Promotion / Relegation play-off
- Season: 2015–16
- Champions: KV (1st) Bearsted (2nd)
- Promoted: KV (1st) Bearsted (2nd)
- Matches played: 10
- Goals scored: 214 (21.4 per match)

= 2015–16 Korfball League & Promotion Division promotion/relegation play-off =

The 2015–16 Korfball League & Promotion Division promotion/relegation play-off is played between the number 9 of the England Korfball League and the top two teams of the Promotion Division North & West and South & East. In North & West Bristol Thunder and Birmingham City qualified. In South & East Bearsted and Cambridge Tigers qualified.
KV (1st) and Bearsted (2nd) both were promoted to the England Korfball League 2016-17 Season starting in November 2016.

==Teams==

A total of 5 teams will be taking part in the play-off.
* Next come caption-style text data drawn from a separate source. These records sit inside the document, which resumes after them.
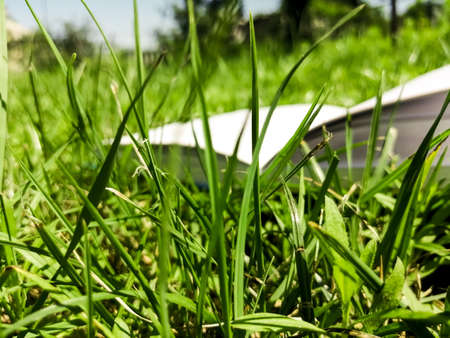An open book lies on a green lawn.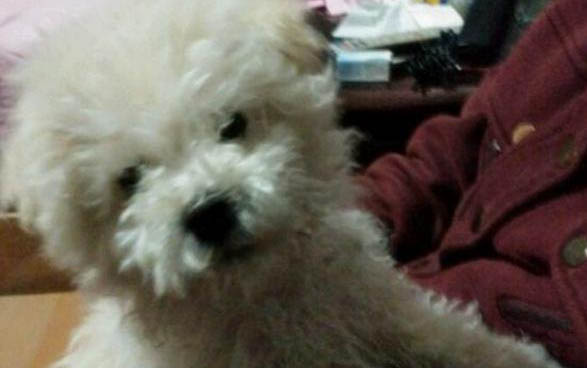 貴賓犬要多久晚上才不叫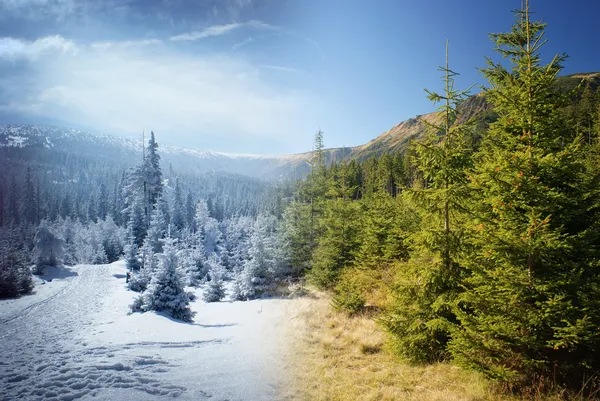 Inverno e verão nas montanhas — Fotografia de Stock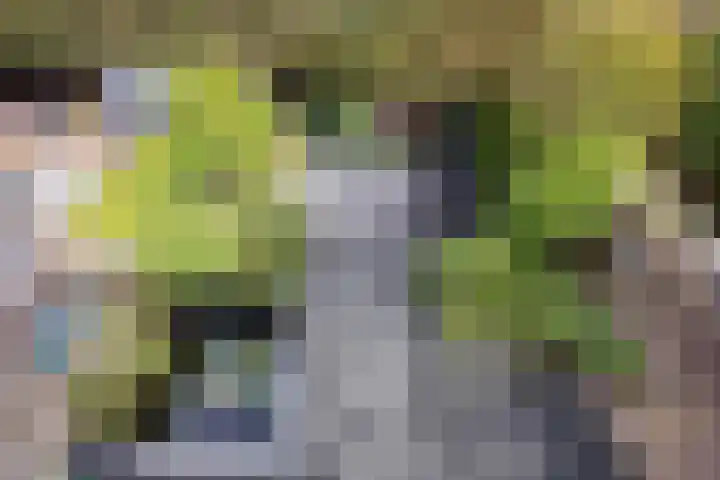 Haneven 49 Goirle thumbnail 28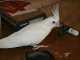 Cockatiel
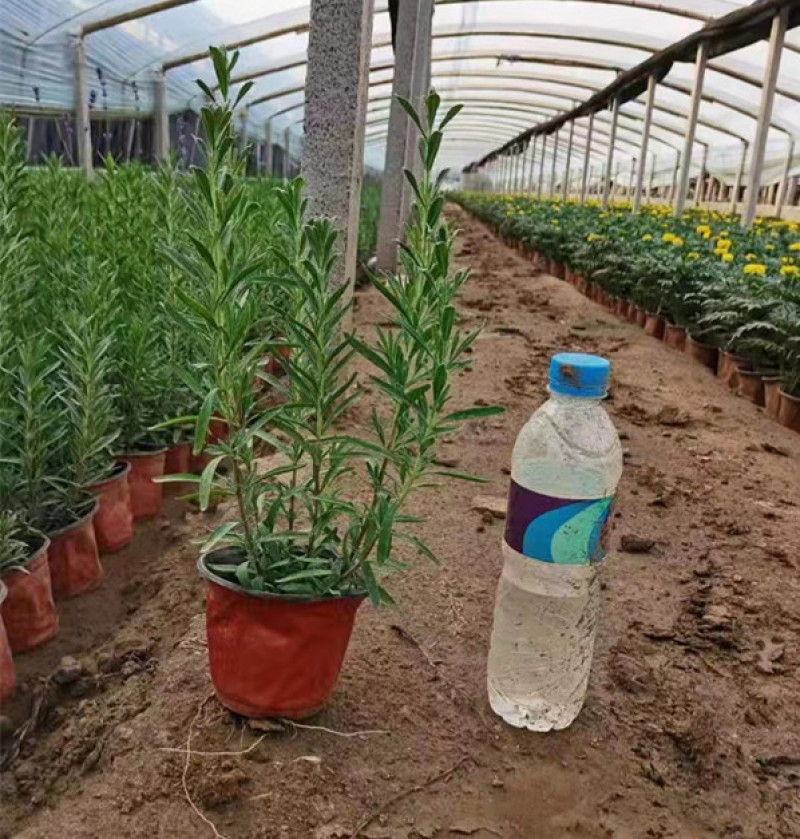 薰衣草花海观赏苗芳香草种植基地上盆薰衣草杯苗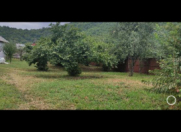 Satılır 7 sot torpaq Qəbələ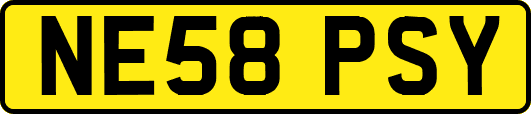 NE58PSY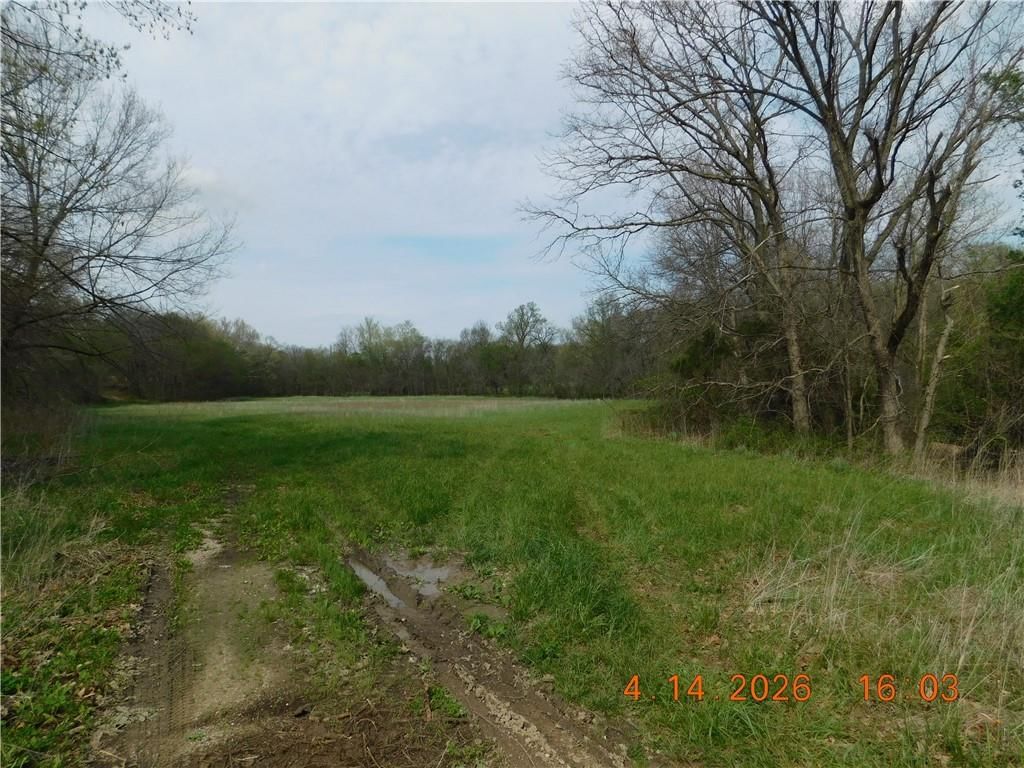 493 SW 1000 Road — photo 2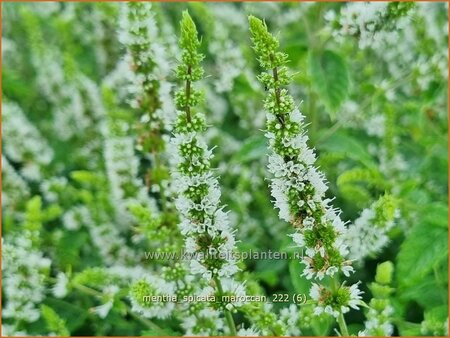 Mentha spicata 'Maroccan'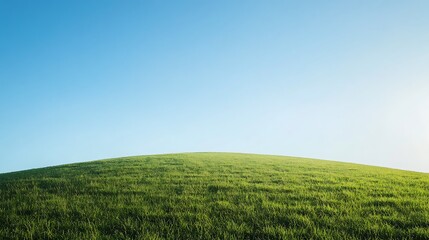 Fototapeta premium Serene landscape of a gently rolling green hill under a clear blue sky.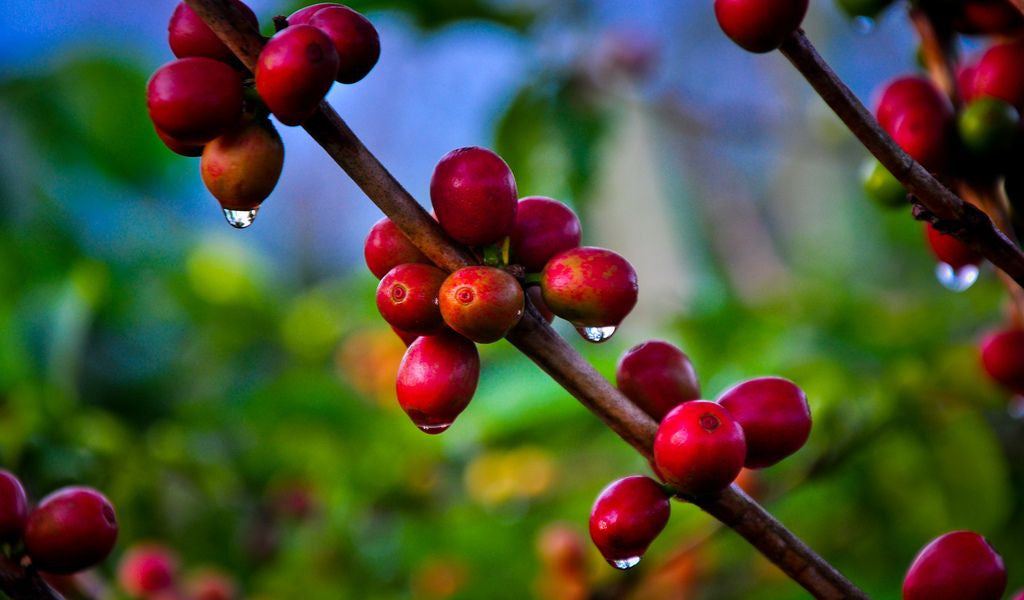 Die Aufbereitungsmethoden von Kaffee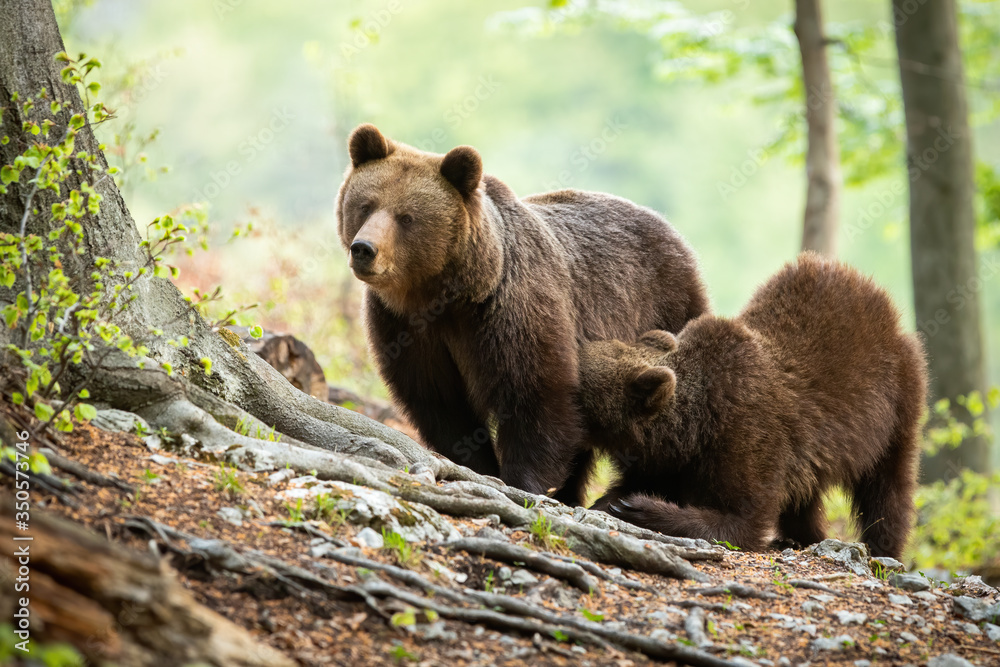 Fototapeta premium brown bear, ursus arctos, cub kneeling by its mother and drinking milk in green forest. Loving animal mother breastfeeding her offspring. Furry mammal in summer nature.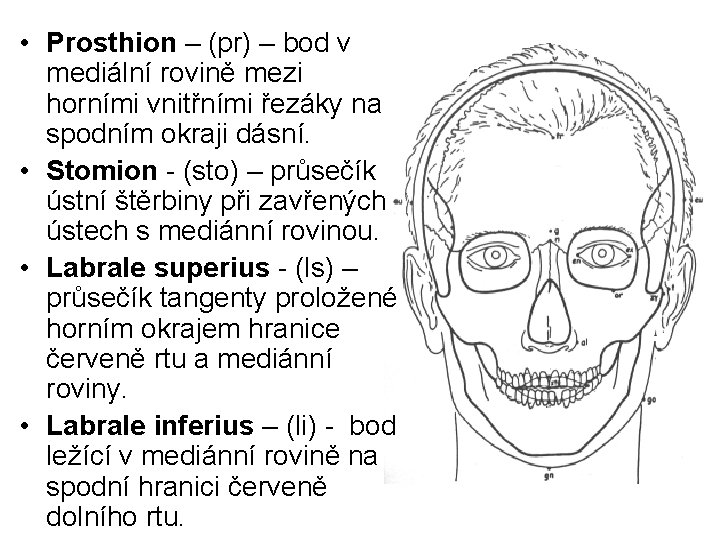  • Prosthion – (pr) – bod v mediální rovině mezi horními vnitřními řezáky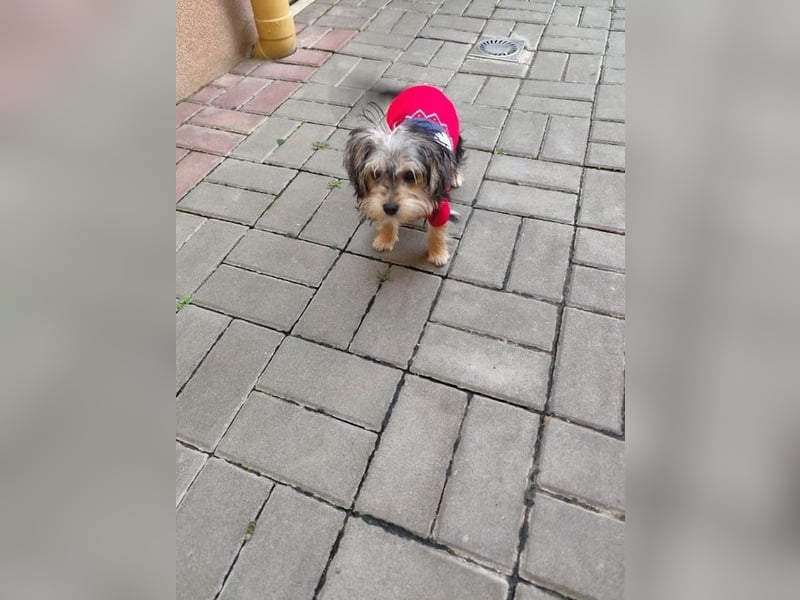 Welpe JANOSCH - der verspielte und verschmuste kleine Mann freut sich auf ein liebevolles Zuhause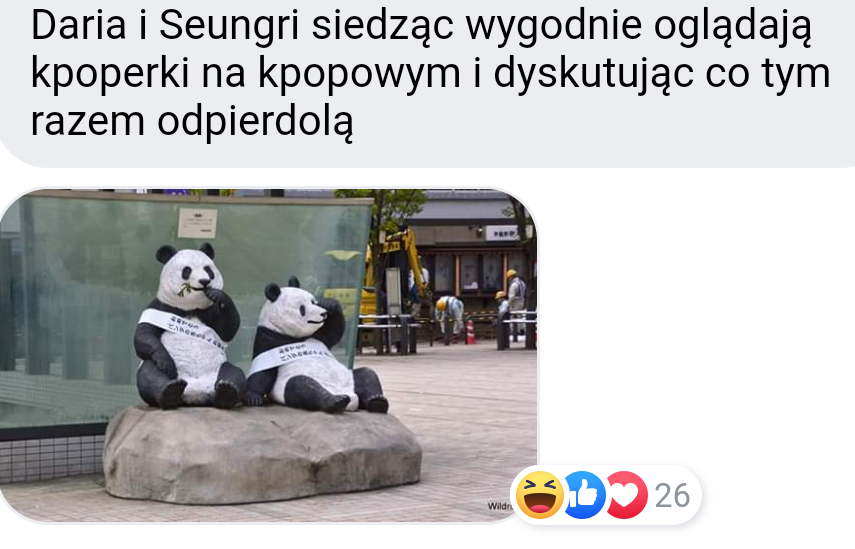 olis625's tweet image. #JebacDarie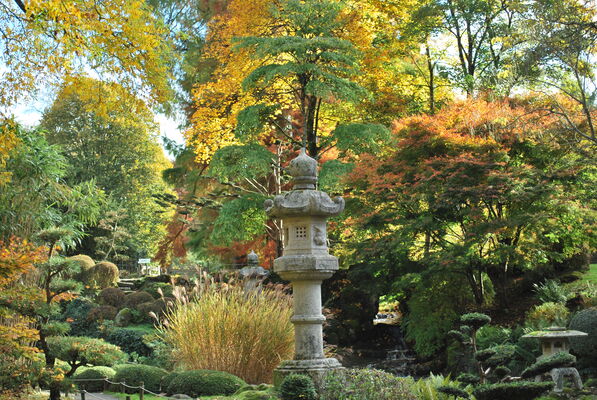 Automne--3-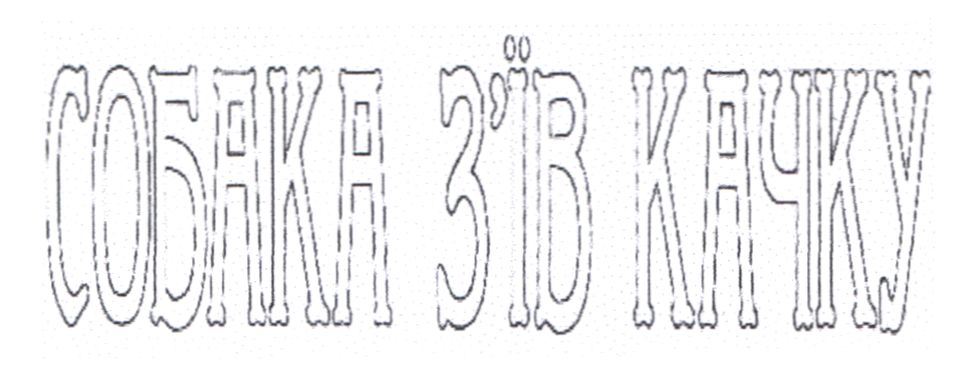 собака з`їв качку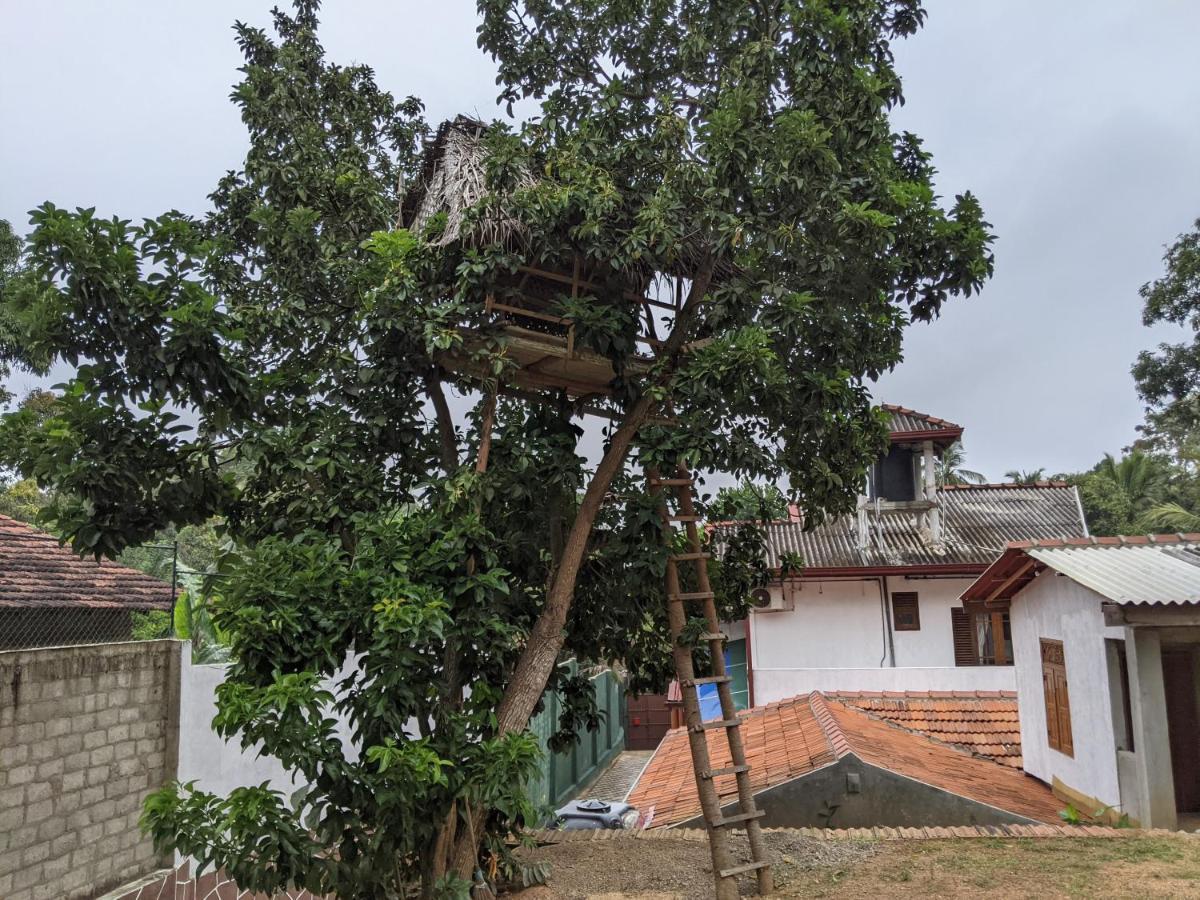 Serendip Villa Holiday Home Talalla Sri Lanka Exterior foto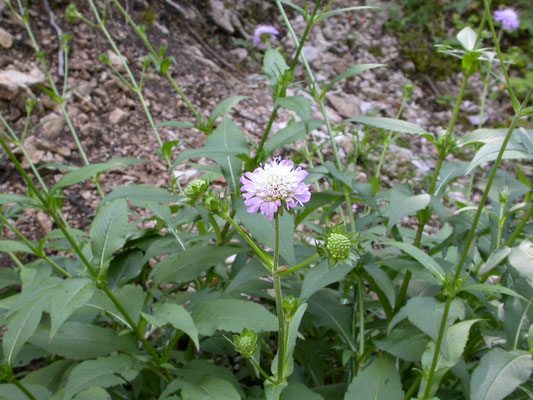 Knautia dipsacifolia - Bergknautia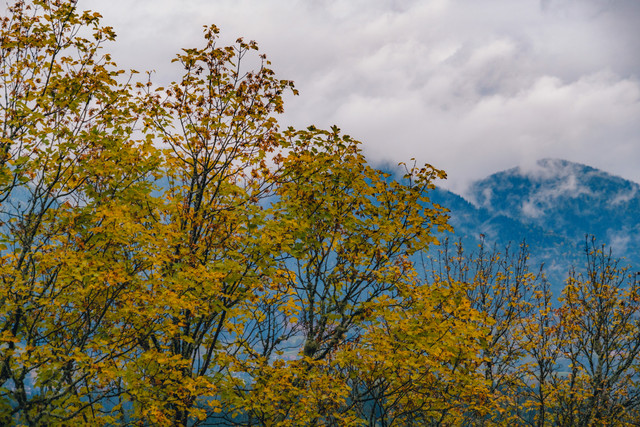 DSCF8043 копия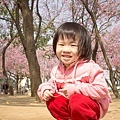 20110312-016.jpg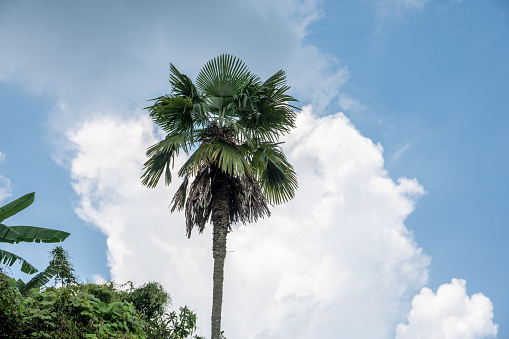A palm tree under the blue sky and white cloud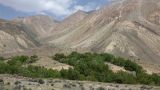 Image of landscape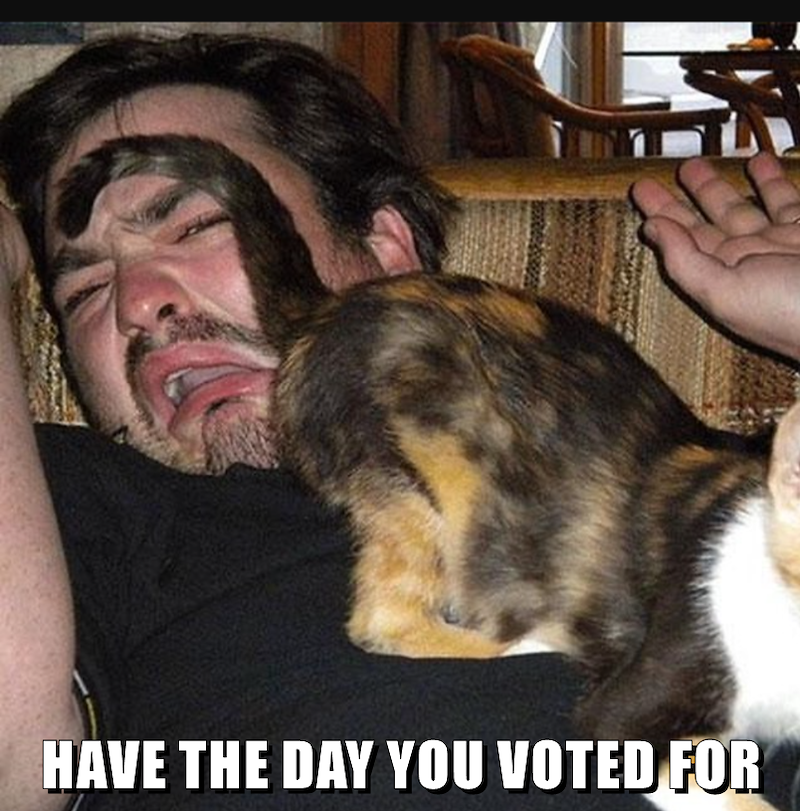 HAVE THE DAY YOU VOTED FOR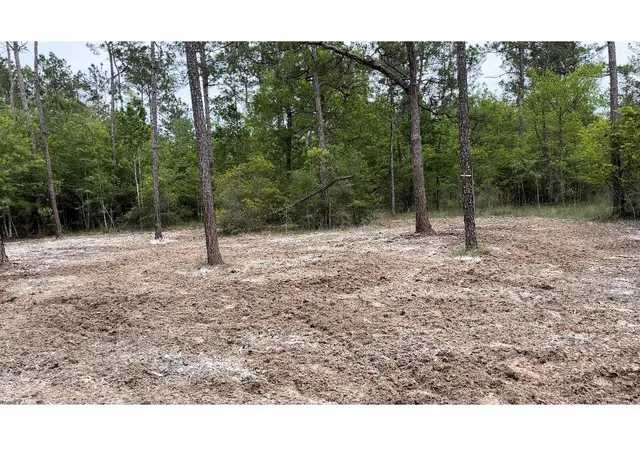 4th image of 00000 Langham, Kountze, TX 77625 | MLS# 20121326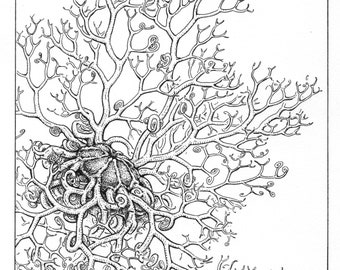 Basket Star Print: Nature drawing by Alaskan artist Kim McNett - Starfish, Sea Star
| Club | Province | Location | Position in 2015-16 |
|---|---|---|---|
| Bristol Thunder | Bristol | Bristol | 1st Promotion Division (North & West) |
| Birmingham City | West Midlands | Birmingham | 2nd Promotion Division (North & West) |
| Bearsted | Kent | Aylesford | 1st Promotion Division (South & East) |
| Cambridge Tigers | Cambridgeshire | Cambridge | 2nd Promotion Division (South & East) |
| KV | Kent | Aylesford | 7th England Korfball League |

==Table==

| Pos | Team | Pld | W | D | L | GF | GA | GD | Pts | Premier League or relegation |
| 1 | KV | 4 | 4 | 0 | 0 | 55 | 28 | +27 | 8 | Promotion |
| 2 | Bearsted | 4 | 2 | 0 | 2 | 49 | 46 | +3 | 4 |
| 3 | Cambridge Tigers | 4 | 1 | 1 | 2 | 39 | 50 | −11 | 3 | Relegation |
| 4 | Birmingham City | 4 | 1 | 1 | 2 | 34 | 46 | −12 | 3 |
| 5 | Bristol Thunder | 4 | 1 | 0 | 3 | 37 | 44 | −7 | 2 |

==Results==

===Day 1===

----

==Controversies==

In the last 60 seconds of a tense game between Birmingham City and Cambridge Tigers with the score level at 6-6. Birmingham needed a win for a small chance of promotion, a Cambridge win would give them almost certain promotion to the EKL. Cambridge won a free-pass, which was missed however, followed up by a running in shot by Josh Dawes, giving them the lead. With 30 seconds to go, Birmingham were awarded a penalty which was missed. With 6 seconds to go Cambridge, having collected the missed penalty, were passing the ball out of defence and the referee called up for time wasting, the clock then stopped at 3 seconds, which allowed Birmingham to take an instant shot which was scored by Jess Beale to level the match. The match finished 7-7, therefore giving Bearsted a chance to secure a place in next seasons EKL, they went on to beat Bristol Thunder 13-7 in their final game, promoting them.